◆ **WORK ORDER**: Copy exactly the lines starting at the one that contains "First Aid Beauty" and running through the end of the material below. Exclude any pictures.

◆ **SUPPLIED DATA**:
▼▼▼
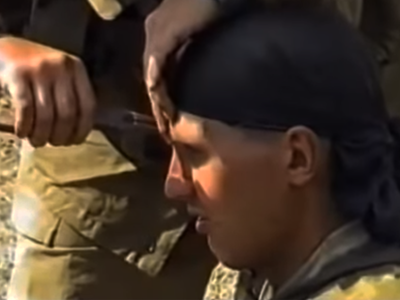 FAKE ALERT: No, this is not an Indian soldier getting a bullet removed from his forehead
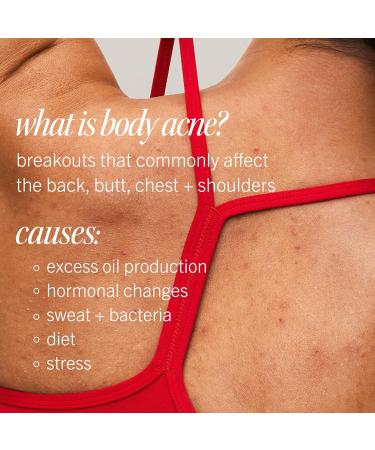 First Aid Beauty Body Acne Spray - Maximum Strength Body Acne Treatment With 360-Degree Sprayer - 2% Salicylic Acid Formula, (3.0 oz) Unscented 3 Fl Oz (Pack of 1) - Buy Online on GoSupps.com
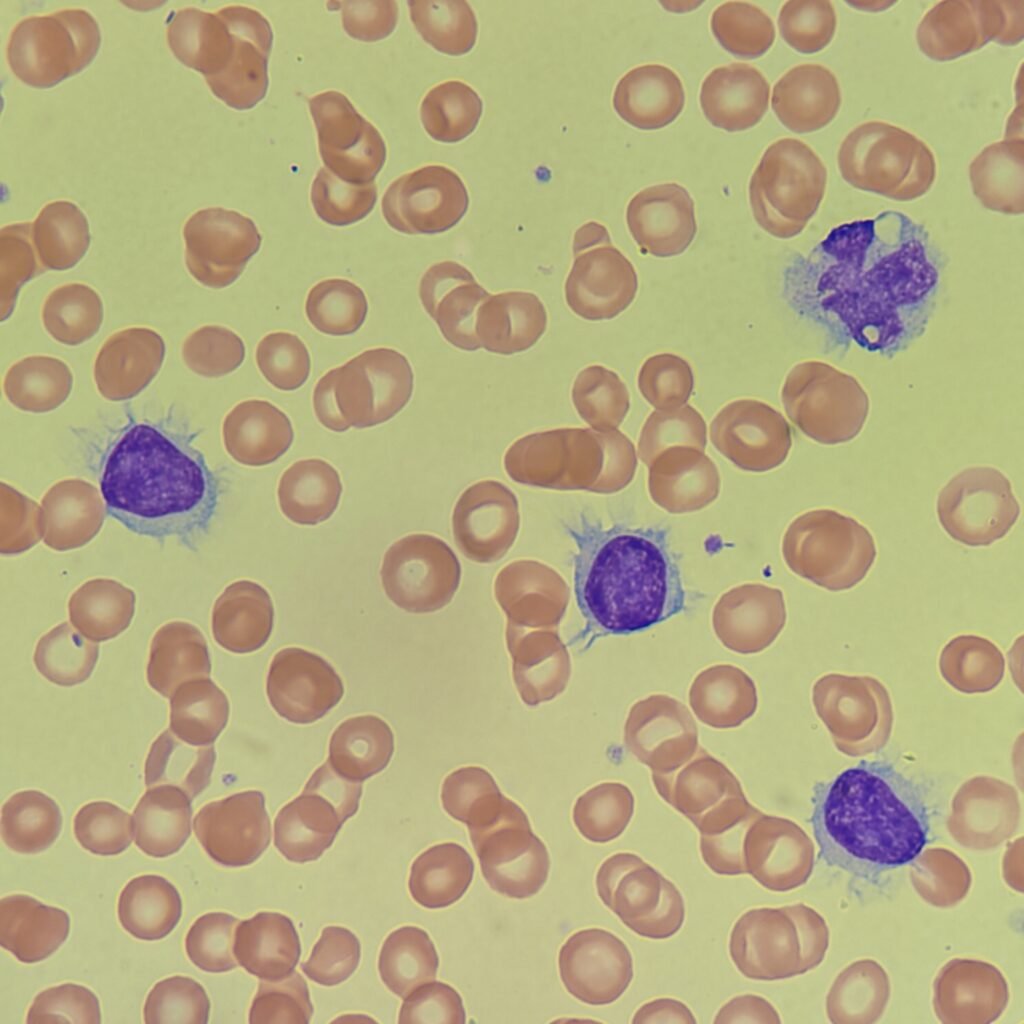 Hairy Cell, Lymphocyte, White Blood Cell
▲▲▲
◆ **RESPONSE TO THIS TASK**:
 First Aid Beauty Body Acne Spray - Maximum Strength Body Acne Treatment With 360-Degree Sprayer - 2% Salicylic Acid Formula, (3.0 oz) Unscented 3 Fl Oz (Pack of 1) - Buy Online on GoSupps.com
 Hairy Cell, Lymphocyte, White Blood Cell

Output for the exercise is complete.